■ SUPPLIED ENTRIES
%%
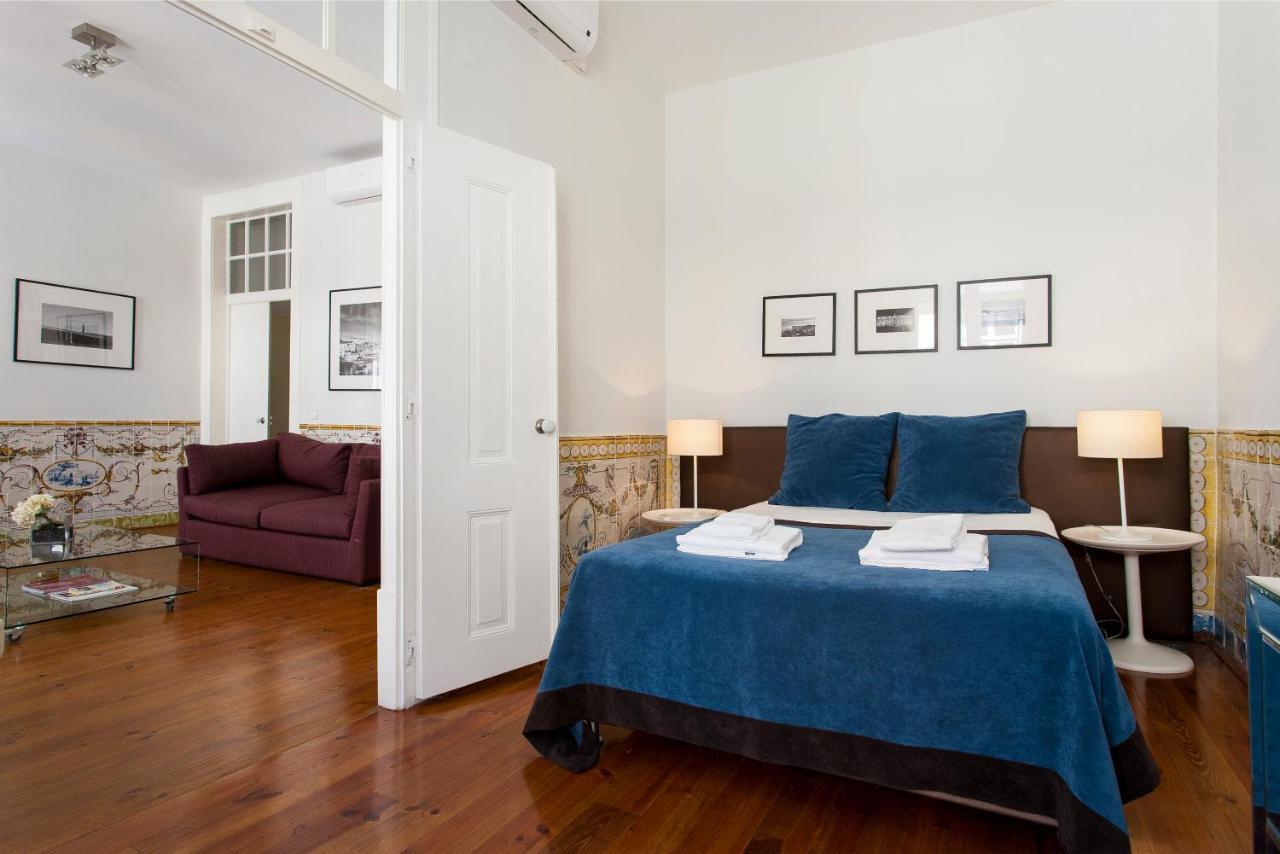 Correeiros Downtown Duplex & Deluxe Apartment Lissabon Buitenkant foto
%%
%%
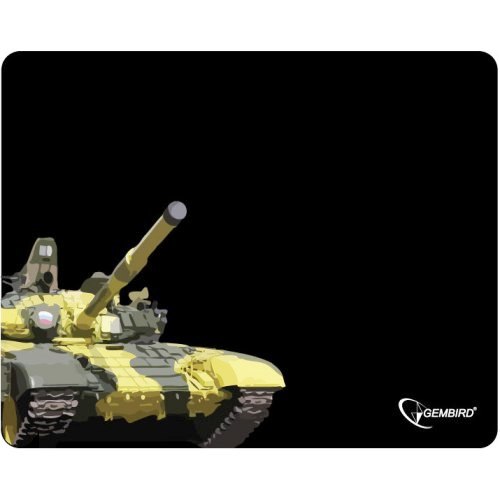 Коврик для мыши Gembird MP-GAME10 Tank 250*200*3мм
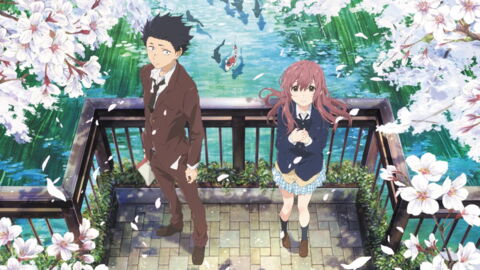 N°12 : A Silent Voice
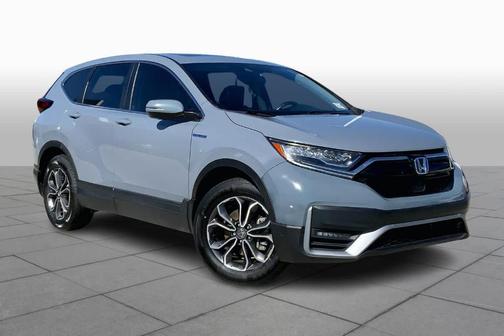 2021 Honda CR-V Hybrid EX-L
%%
■ REQUIREMENT
Starting with the line that has "Коврик для мыши" and ending with the line that has "2021 Honda CR-V Hybrid EX-L", repeat the lines above exactly, omitting every picture.

■ WORKED SOLUTION
 Коврик для мыши Gembird MP-GAME10 Tank 250*200*3мм
 N°12 : A Silent Voice
 2021 Honda CR-V Hybrid EX-L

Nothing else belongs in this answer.